Having inspected the Upper Deeside snow last Monday, and
experienced the mid-Deeside snow on a Thursday Mid-Week Walk,
I’d almost decided to call off, but a weather window on Saturday
afternoon/evening, with the possibility of it extending into
Sunday morning, persuaded me otherwise. So seven of us set off
from the Linn at 1 pm in reasonable weather (the odd very light
and short shower), with no snow under foot, and stopped for a
bite at Bob Scott’s, with the river flowing very high nearby.
Then the difficulties started: it was impossible even to get to
the Derry Lodge footbridge without navigating a substantial
swamp, and the path up Glen Derry was pretty muddy as far as the
dam-site bridge higher up.
From there on, it just got wetter and
wetter underfoot, the only variant being slush higher up, and a
nasty little burn at the upper plantation. Our main concern was
of course the Glas Allt Mor, but in fact this proved crossable
with care, though the youngsters all chickened out of the
obvious stepping stones and chose to go 100 yards further
Then the “Club path” (repaired at our
expense in the 1990s but now showing signs of wear and tear
until entering Coire Etchachan, where some snow plodding was
necessary before reaching the Hut at about 5pm. Three residents
looked relieved when we said that we’d be camping up at the Loch
– I don’t blame them!
A final pull up the moraine to the Loch,
with more snow under foot, especially at the top, where we
didn’t take long in the gathering gloom to decide on tent sites
on the left. A gusty wind and ice and grass under the snow
didn’t help tent erection, but we got up all 5 tents just in
time. With the wind, a good deal of cloud higher up (though
plenty of stars visible), and as hefty hike behind us, no-one
felt too inclined to do an evening ascent, so we settled – some
faster than others (see bar photo in Izy’s pics above) – to eat,
drink, and eventually sleep – most fairly warmly, I’m told,
though gusts and some spindrift kept the tent walls a bit noisy.

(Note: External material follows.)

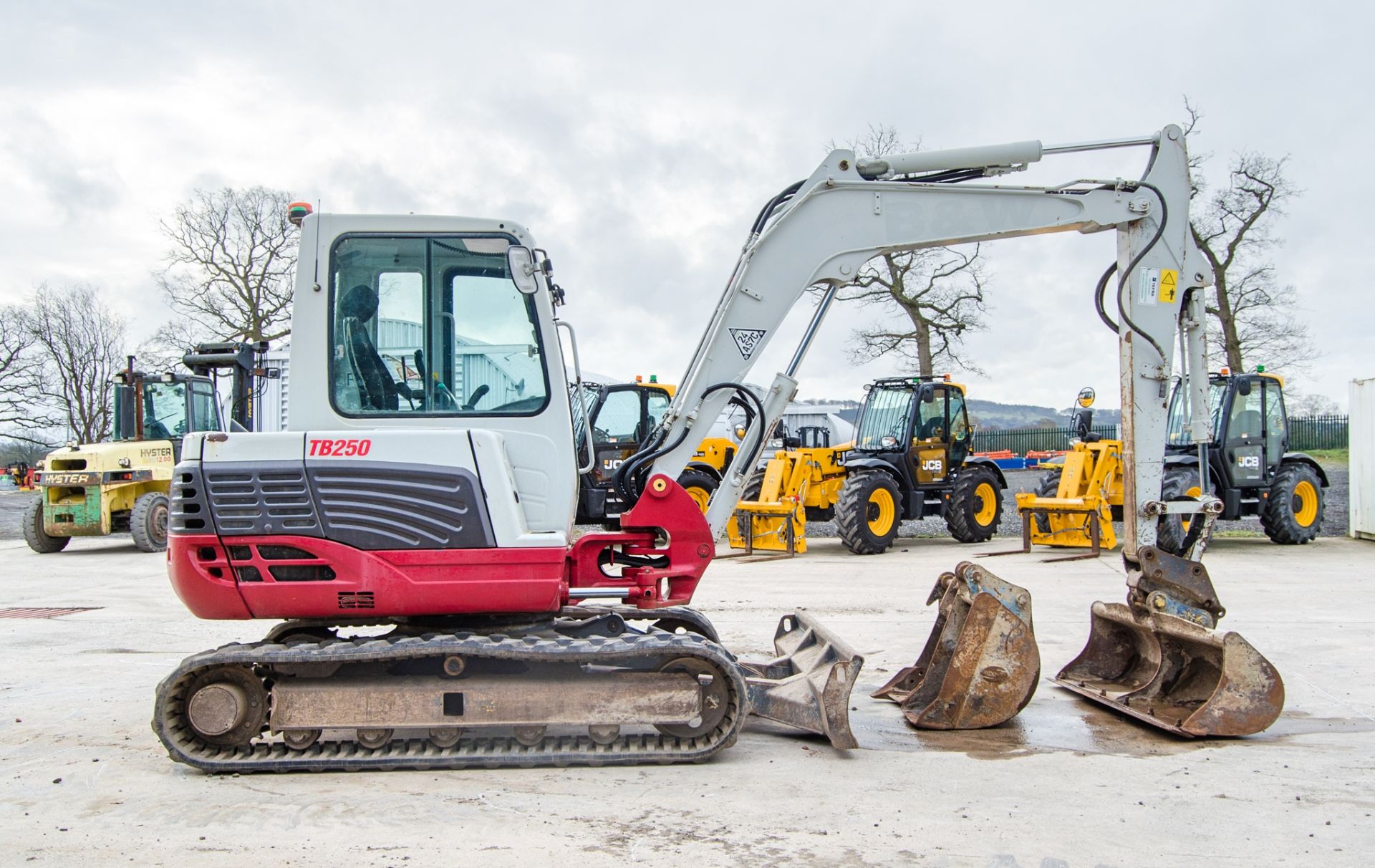 Takeuchi TB250 5 tonne rubber tracked excavator Year: 2018 S/N: 125005919 Recorded Hours: 5503 - Image 8 of 27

I certainly slept reasonably well, especially after the old
man’s necessary middle-of-the-night excursion.
The morning was not too welcoming – cloud
almost down to the loch, and a bit of a breeze, but eventually
(after at least 2 hours!) we had the tents down and bundled up,
and most if not all of the tent pegs recovered. With Derry
Cairngorm in our sights as more rewarding than a simple retreat,
less out-of-the-way than Beinn Mheadhoin or the Shelter Stone,
and less intimidating than Macdhui, we ascended Creagan a’
Choire Etchachan, encountering stronger wind, dense cloud, and
soft snow underfoot.
Past the cairn, we relied on Garry’s
navigation supplemented by Izy’s whizzy GPS to negotiate the
rest of the ridge. Derry Cairngorm itself proved as stony as
remembered, with the wind near the summit a definite impediment,
especially with snow shovels on the packs acting as sails.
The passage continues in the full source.